The Benton County Sheriff wanted the city of Foley to pay about $280,000 for three deputies to patrol its streets next year. But the city of 2,600 saw its state aid payments cut by more than $150,000 this year, and the city council was looking for ways to save money next year.
Foley stands to save more than $80,000 by hiring General Security Services Corporation to patrol the city. The private contractors will carry firearms, and make citizen's arrests. They cannot make traffic stops or investigate crimes.
"We thought if we could hire a security firm to come in, and basically take care of the ordinances for the city and the general nuisance items that go on in town, that would take care of most of the things we needed to get done," council member Dean Weber said.
The sheriff's department would still respond to 911 calls.
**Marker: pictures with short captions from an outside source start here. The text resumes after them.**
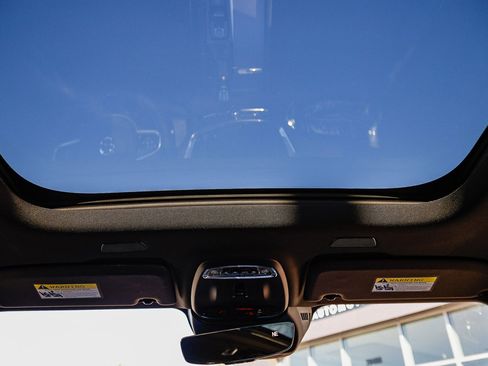 Used 2021 Volvo V60 T6 R-Design w/ Advanced Package image 17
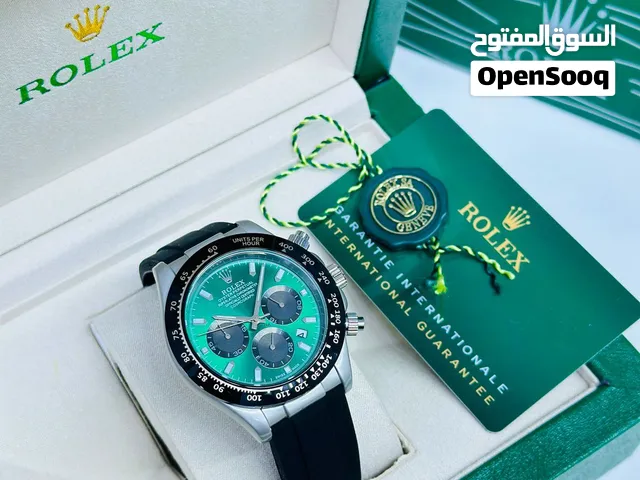 Rolex-style Chronograph Wristwatch with Black Dial and Rubber Strap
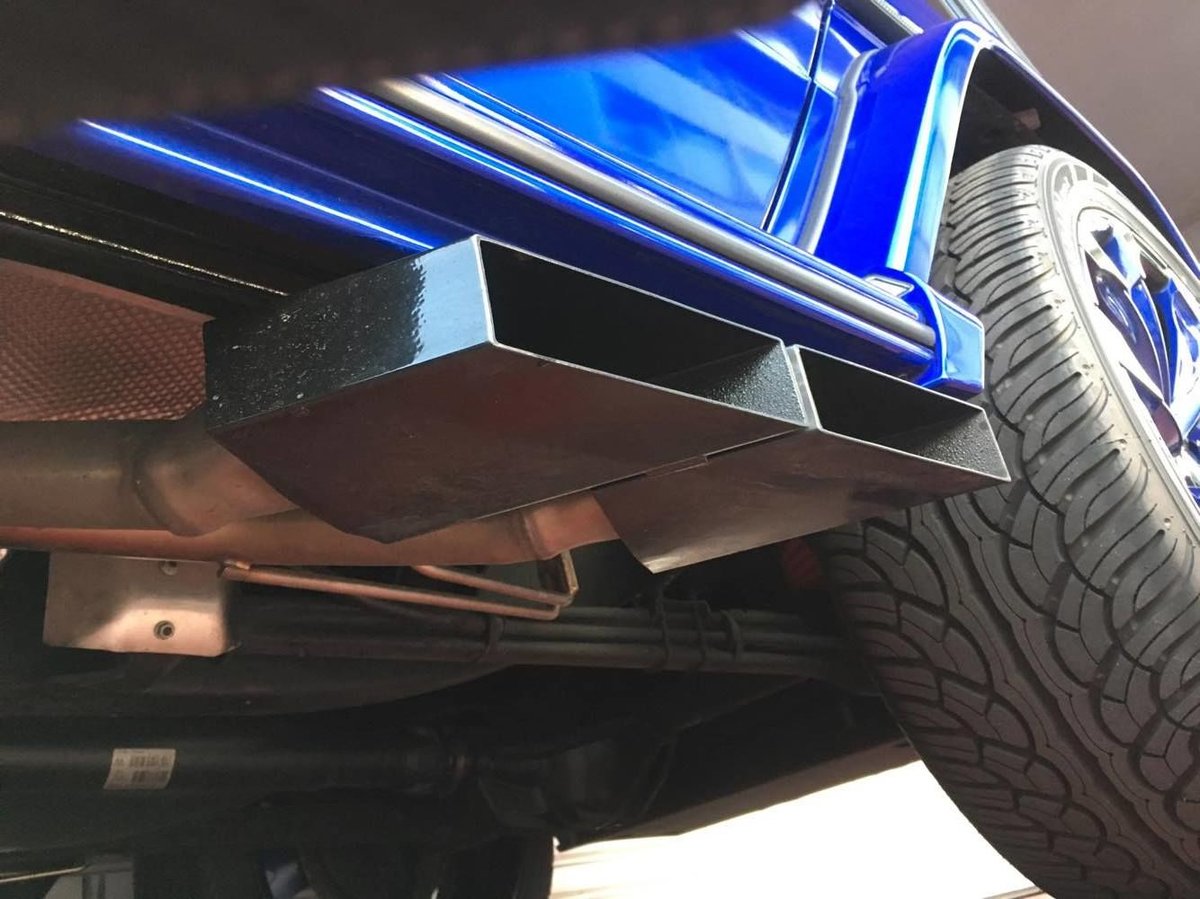 ベンツ Gクラス W463 G55/G63用 スクエア 4本出口 可変バルブ付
But a spokesman for the sheriff warned the city council's decision will have negative consequences for its citizens.
"The best-case scenario: We'll have one deputy for nine townships, which Foley is a part of," Chief Deputy Troy Heck said. "You're going to see fewer patrols coming through the area, longer response times, just generally less police service."
The sheriff's office hasn't decided how to deal with the impact on its budget, Heck said.
County and municipal budgets statewide have been strained by cuts in state aid.
Weber said he's not aware of any other cities replacing their police forces with private contractors, but that might change.
"It's going to be a trial and we'll see how it goes. If it goes well, I imagine there'll be a lot of other cities looking at it," Weber said.
Weber is optimistic, but if it doesn't go well, the council will consider hiring a police chief to oversee the private contractors. Weber said that would still be cheaper than a new contract with the county sheriff.